What to do: With the pictures left out, write out exactly the lines of the listing below that run from the line with "Qíngxù Bìng Chapter" through the line with "ReadyMade Blouse".

Information provided:
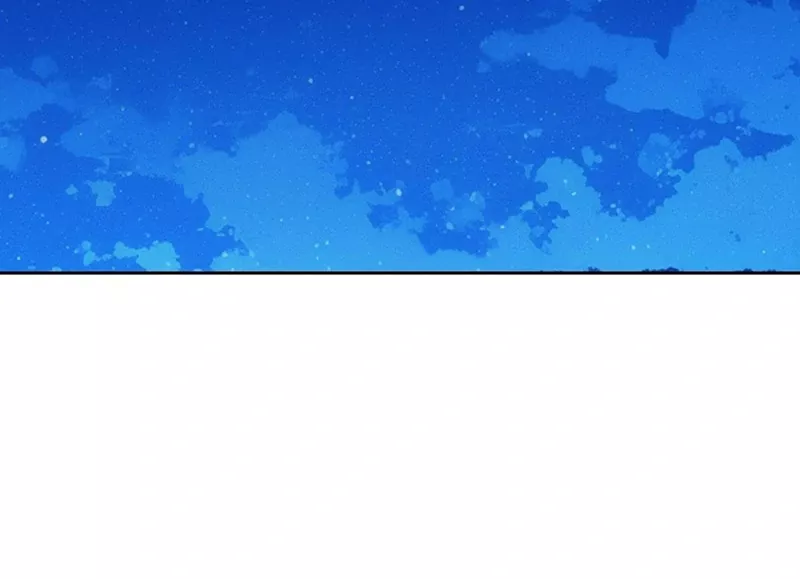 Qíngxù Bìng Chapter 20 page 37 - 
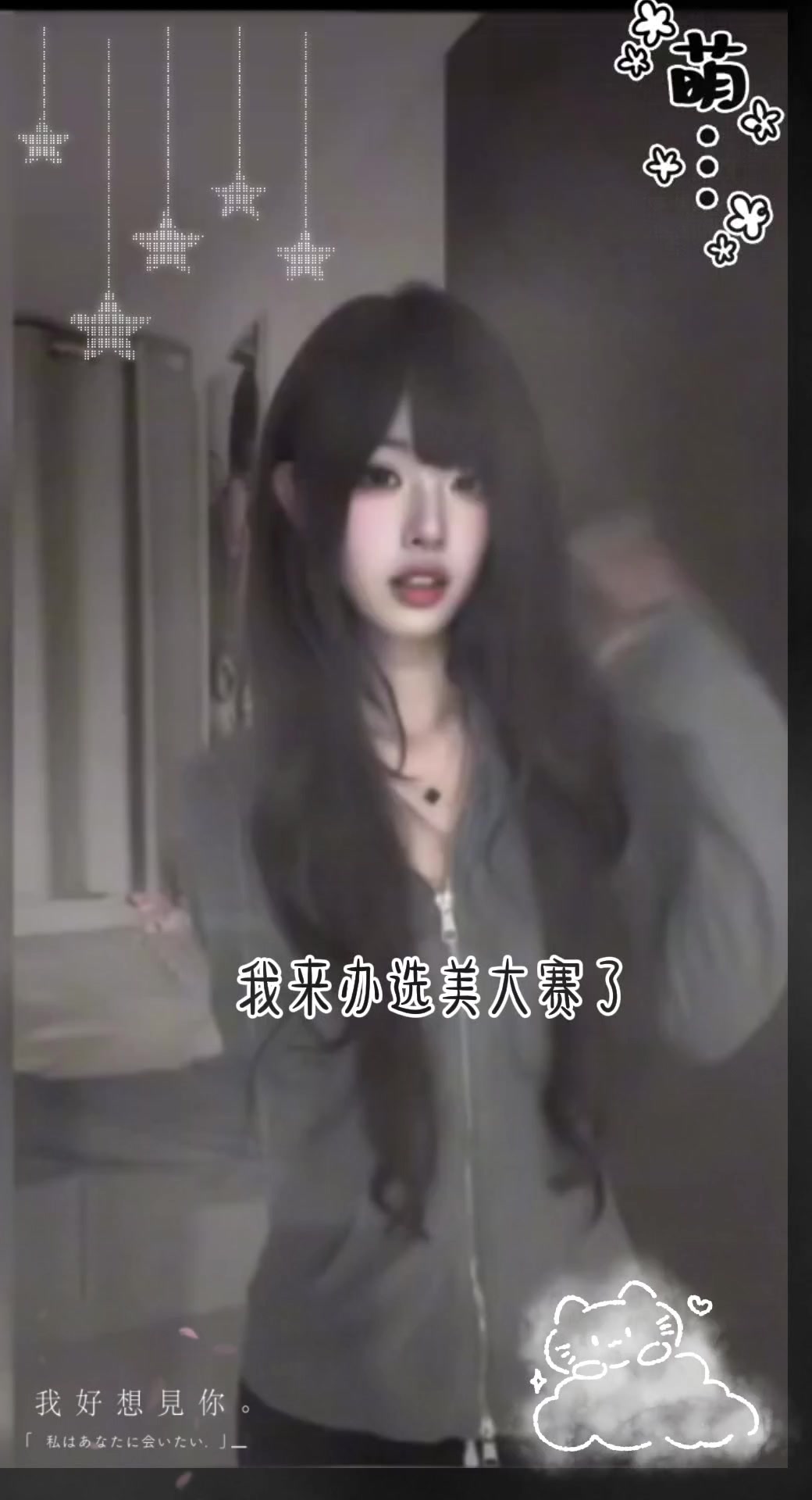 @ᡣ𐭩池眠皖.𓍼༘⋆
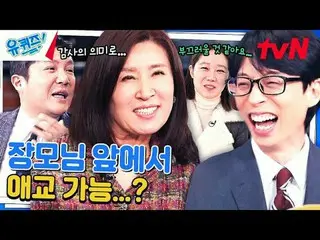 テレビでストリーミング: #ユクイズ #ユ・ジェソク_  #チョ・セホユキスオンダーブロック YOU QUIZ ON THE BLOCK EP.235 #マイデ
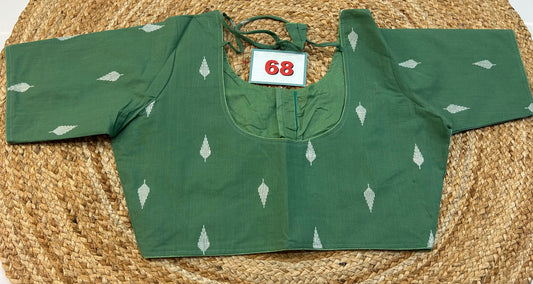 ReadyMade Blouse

...

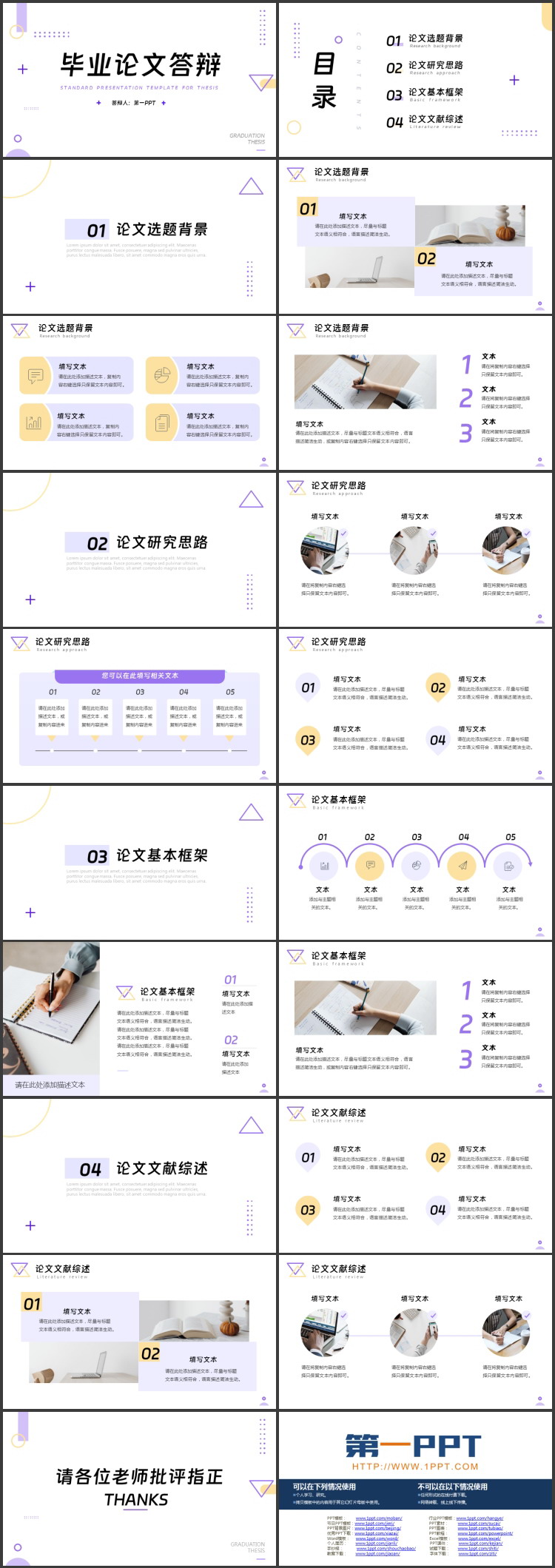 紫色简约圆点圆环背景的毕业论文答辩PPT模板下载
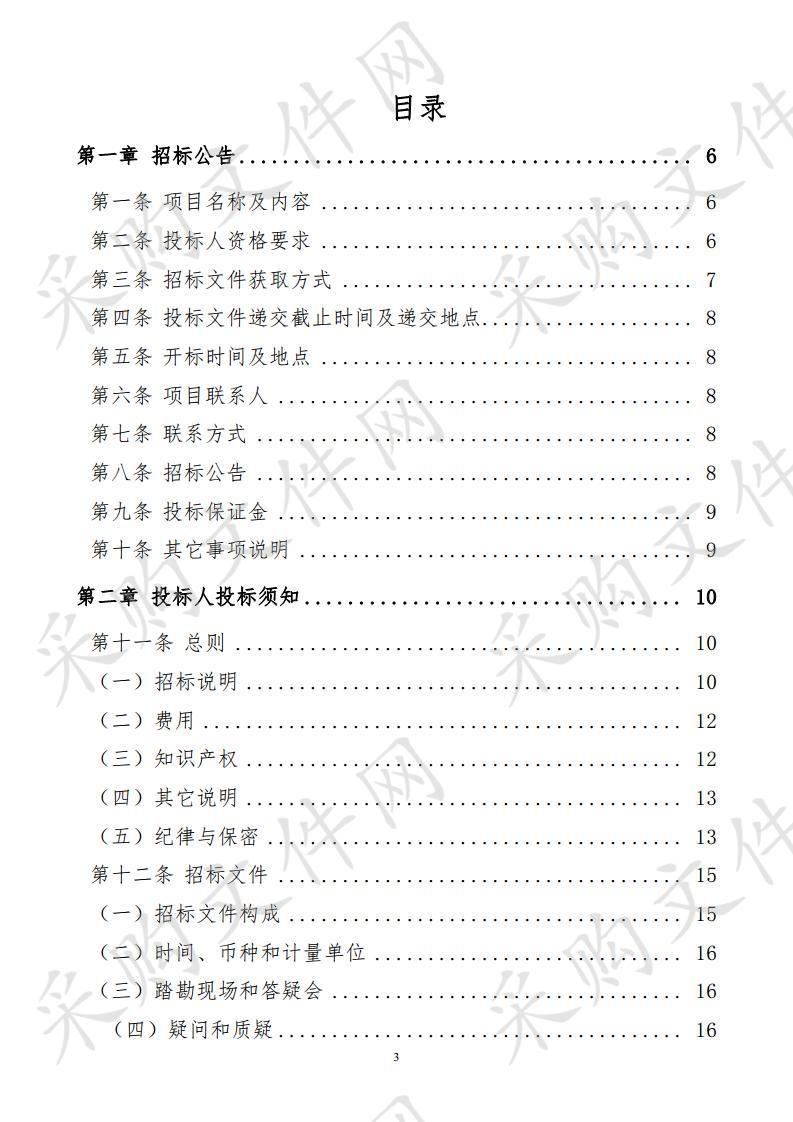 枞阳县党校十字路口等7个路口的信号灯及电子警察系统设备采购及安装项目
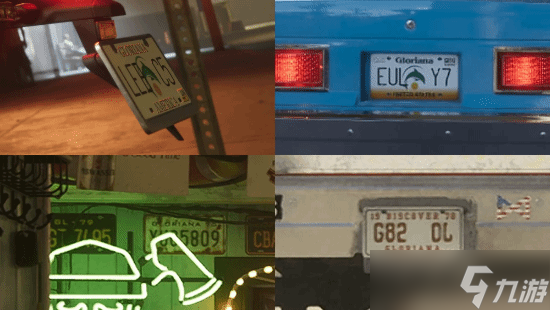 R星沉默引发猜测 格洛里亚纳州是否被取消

---

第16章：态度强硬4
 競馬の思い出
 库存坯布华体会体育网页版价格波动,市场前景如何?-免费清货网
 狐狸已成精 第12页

Output:
 Qíngxù Bìng Chapter 20 page 37 - 
 @ᡣ𐭩池眠皖.𓍼༘⋆
 テレビでストリーミング: #ユクイズ #ユ・ジェソク_  #チョ・セホユキスオンダーブロック YOU QUIZ ON THE BLOCK EP.235 #マイデ
 ReadyMade Blouse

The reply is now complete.